The average size of the fish in a lake is 11.4 inches, with a standard deviation of 3.2 inches. Find the probability of catching a fish longer than 17 inches.

I posted another question on standard deviation earlier, but I'm unable to find clear results on how to solve this problem specifically either.

I know the equation for standard deviation but the part I cannot find any information online is how to solve "longer than 17 inches". I keep finding similar question that will ask to find the probability in between two numbers but I can't find much else.

Answer 1

You have $X \sim\mathsf{Norm}(\mu=11.4,\sigma=3.2).$ You seek $P(X > 17) - 1 - P(X \le 17) = 0.0401,$ to four places.
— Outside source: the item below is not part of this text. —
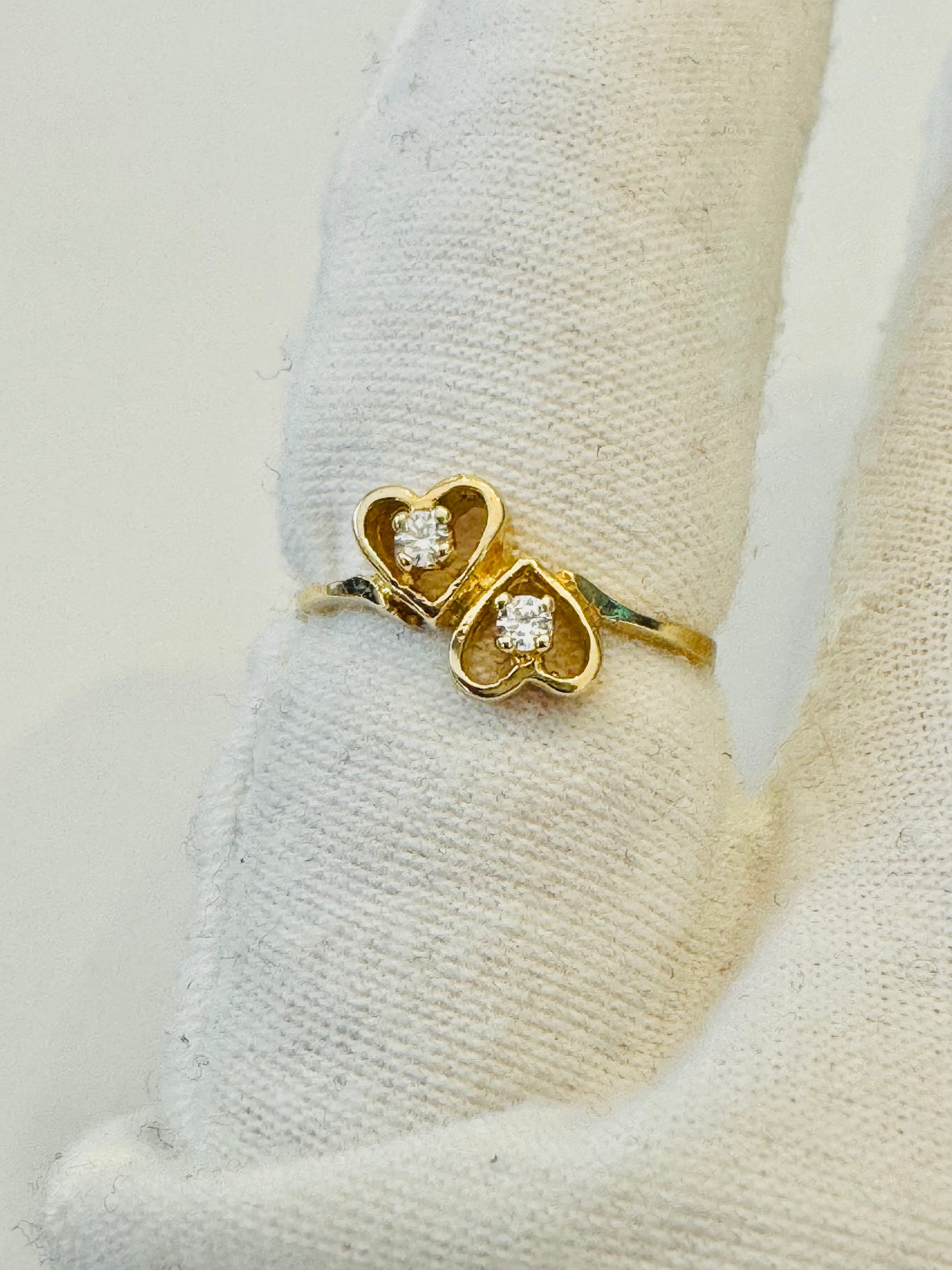 #210 bague double cœur zircon au centre en or 10k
Here is the exact numerical answer from R, where pnorm is a normal CDF.[If you're using a statistical calculator you should be able to use it to get the same answer.]

1 - pnorm(17, 11.4, 3.2)
[1] 0.04005916

Because $17 - 11.4 = 5.6$ and $5.6/3.2 = 1.75$ you're asking for the probability of a fish with length more than 1.75 standard deviations above the mean. By the Empirical Rule the probability in a normal distribution more than $2\sigma$ above the mean is only about 2.5%. So, if you're familiar with this rule, you should not be surprised that the numerical answer is so small.

If you are supposed to get the answer by standardizing and using a printed CDF table of the standard normal distribution, you could begin as follows:

$$P(X \le 17) = P\left(\frac{X=\mu}{\sigma} \le \frac{17 - 11.4}{3.2}\right) = P(Z \le 1.75),$$ where $Z$ has a standard normal distribution.

I will leave it to you to figure out how to get the answer from a printed table. Various textbooks have different styles of normal tables, so you will have to figure out how to use the table in your book. You will start by finding 1.75 in the margins of the table and getting a relevant probability from the body of the table.

In the figure below, the left-hand panel shows the problem on a scale of inches and the right-hand panel shows the 'standardized' version of the problem compatible with printed tables. In both cases the total area under the density curve is $1,$ and the final numerical answer is the area to the right of the dotted vertical line.

R code to make the figure (in case anyone wants to see it):

par(mfrow=c(1,2))
 curve(dnorm(x, 11.4, 3.2), 0, 25, lwd=2, ylab="Density", 
       xlab="Inches", main="NORM(11.4, 3.2)")
  abline(h=0, col="green2")
  abline(v=17, col="red", lwd=2, lty="dotted")
 curve(dnorm(x, 0, 1), -3.5, 3.5, lwd=2, ylab="Density",
       xlab="z", main="NORM(0, 1)")
  abline(h=0, col="green2")
  abline(v=0, col="green2")
  abline(v=1.75, col="red", lwd=2, lty="dotted")
par(mfrow=c(1,1))